Another fundamentalist Islamic state was a fearful thought. So those who were so loud about the violent military reversal of an election result in Burma had a different view closer to home. This brings into profound question the age-old debate between liberty and democracy.

Yes, we are all for democracy, but elections are only one important part of building democratic, liberal, secular societies. They're the most important part.

They give legitimacy internationally to regimes, but without stable, transparent institutions - from courts, property rights, parliaments and the rule of law - they can send a false signal.

Europe built many liberal societies based on liberty and laws to protect the people from greedy royals and a rapacious ruling class. Democracy - that is, the vote - was a relatively recent innovation.

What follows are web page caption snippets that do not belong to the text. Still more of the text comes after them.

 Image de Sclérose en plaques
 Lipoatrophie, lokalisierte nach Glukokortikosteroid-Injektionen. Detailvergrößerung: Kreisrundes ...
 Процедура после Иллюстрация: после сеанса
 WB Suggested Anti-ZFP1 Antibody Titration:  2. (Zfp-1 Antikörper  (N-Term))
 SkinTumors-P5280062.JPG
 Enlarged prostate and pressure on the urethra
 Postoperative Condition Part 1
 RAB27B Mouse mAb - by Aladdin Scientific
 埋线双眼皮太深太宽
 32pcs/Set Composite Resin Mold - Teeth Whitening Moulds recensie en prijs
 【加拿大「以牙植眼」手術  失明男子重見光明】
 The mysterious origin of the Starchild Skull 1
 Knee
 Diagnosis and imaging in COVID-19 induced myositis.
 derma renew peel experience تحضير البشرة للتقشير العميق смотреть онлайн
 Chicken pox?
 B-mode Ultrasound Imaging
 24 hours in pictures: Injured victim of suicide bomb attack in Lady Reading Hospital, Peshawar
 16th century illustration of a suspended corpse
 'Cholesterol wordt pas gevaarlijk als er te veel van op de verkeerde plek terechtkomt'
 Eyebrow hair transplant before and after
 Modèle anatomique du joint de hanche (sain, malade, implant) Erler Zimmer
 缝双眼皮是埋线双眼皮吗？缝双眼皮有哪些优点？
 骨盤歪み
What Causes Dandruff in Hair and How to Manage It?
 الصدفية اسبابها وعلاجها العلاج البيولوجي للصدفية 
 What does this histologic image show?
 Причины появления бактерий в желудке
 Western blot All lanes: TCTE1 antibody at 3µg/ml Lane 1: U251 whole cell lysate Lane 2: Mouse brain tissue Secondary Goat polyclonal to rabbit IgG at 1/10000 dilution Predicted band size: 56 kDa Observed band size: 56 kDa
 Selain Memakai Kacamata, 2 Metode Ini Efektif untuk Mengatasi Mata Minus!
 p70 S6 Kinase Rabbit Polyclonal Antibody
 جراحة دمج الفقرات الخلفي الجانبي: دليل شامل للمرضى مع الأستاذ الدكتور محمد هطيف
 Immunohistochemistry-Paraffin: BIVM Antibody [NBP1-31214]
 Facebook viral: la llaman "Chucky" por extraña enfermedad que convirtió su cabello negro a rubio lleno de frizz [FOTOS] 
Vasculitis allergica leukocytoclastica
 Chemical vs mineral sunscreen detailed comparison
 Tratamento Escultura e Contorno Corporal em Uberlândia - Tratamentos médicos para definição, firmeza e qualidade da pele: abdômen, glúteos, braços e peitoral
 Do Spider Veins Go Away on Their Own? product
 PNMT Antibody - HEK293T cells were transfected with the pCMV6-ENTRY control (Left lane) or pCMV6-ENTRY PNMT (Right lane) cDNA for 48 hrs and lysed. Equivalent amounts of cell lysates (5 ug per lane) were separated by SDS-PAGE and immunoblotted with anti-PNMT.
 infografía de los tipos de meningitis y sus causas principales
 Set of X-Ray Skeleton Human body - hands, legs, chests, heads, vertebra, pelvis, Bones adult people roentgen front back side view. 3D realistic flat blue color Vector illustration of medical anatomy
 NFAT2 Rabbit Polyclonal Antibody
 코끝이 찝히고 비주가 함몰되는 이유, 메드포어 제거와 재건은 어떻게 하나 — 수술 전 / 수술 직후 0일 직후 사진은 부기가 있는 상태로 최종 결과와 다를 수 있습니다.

Indeed, it was not until the 1920s that women could vote for the mother of parliaments, in the United Kingdom. As Fareed Zakaria notes in his book, The Future of Freedom, liberty came to the West before democracy.

In the 1800s many enlightened leaders in Europe were far more liberal than their nobles or superstitious peasantry. In the Middle East, many leaders are now more enlightened than many of their advisers.

Morocco, Jordan, Egypt, Qatar and Bahrain have leaders who are pushing the envelope but fear the implications of populist politicians appealing to the fundamentalist masses. It is a strong and secure leader who can promote women's rights.

Here's the problem for nation building and these people of virtue and principle who correctly see freedom and democracy as bulwarks against repressive fundamentalists who encourage terrorism.

They don't see Nasser or Ataturk as modernisers, liberators and fathers of independence. For them the idea of a nation state is an impious concept.

Can democracy be imposed on a country that is divided by religion, is dirt poor and is lacking the stable institutions that make democracy real in its delivery of liberty and rights? A serious statistical study of this problem was made by political scientists Adam Przeworski and Fernando Limongi.

They found that if a democratic country had a per capita income of less than $US1500, its government on average had a life expectancy of only eight years; between $US1500 and $US3000, about 18 years; once income reached $US6000, democratic governments became highly resilient.

As Zakaria explains: "Once rich, democracies become immortal." So what about the argument that only rich countries can enjoy democracy? And what comes first, liberty and democracy, or wealth and democracy? Why aren't some oil- and resource-rich countries democratic?

Harvard economists Jeffrey Sachs and Andrew Warner studied nearly 100 developing countries and discovered that resource-rich countries were strongly linked to economic failure. The richer a country was in resources, the slower its economy and freedoms grew. Saudi Arabia, Nigeria, countries living off "trusts" for oil and rents for canals, actually did worse. Why?

Zakaria explains that "easy money means a government does not need to tax its citizens". When a government taxes people it has to provide benefits in return, beginning with services, accountability and good governance but ending up with liberty and representation. The success of the West was about protecting the rights of the people against the state.

The Enlightenment was not just about freedom of religion; it was freedom from religion. Constitutions were created to safeguard the people's rights from populist politicians who could gain a majority if they turned up the heat and hate against the minority. There are many elections where the biggest tribe wins. Constitutions themselves don't guarantee rights and progress.

If so, Bolivia would be the richest, most free country on earth. It has had dozens of constitutions. Venezuela passed by 90 per cent of the vote a new constitution that strengthened its populist president. The same people are now on the streets seeking his removal.

The world holds its breath watching and hoping Iraq could become a model for other nations in the region. Some are holding their breath thinking that, if popular democracy works, then its implications could have a ripple effect, a ripple of hope or hate.

Some fear that democracy without strong institutions, courts, political parties and an effective civil society could turn nasty and lead to the election of theocratic leaders or strongmen who will deliver law and order. In most places, order for most people is a higher priority than law.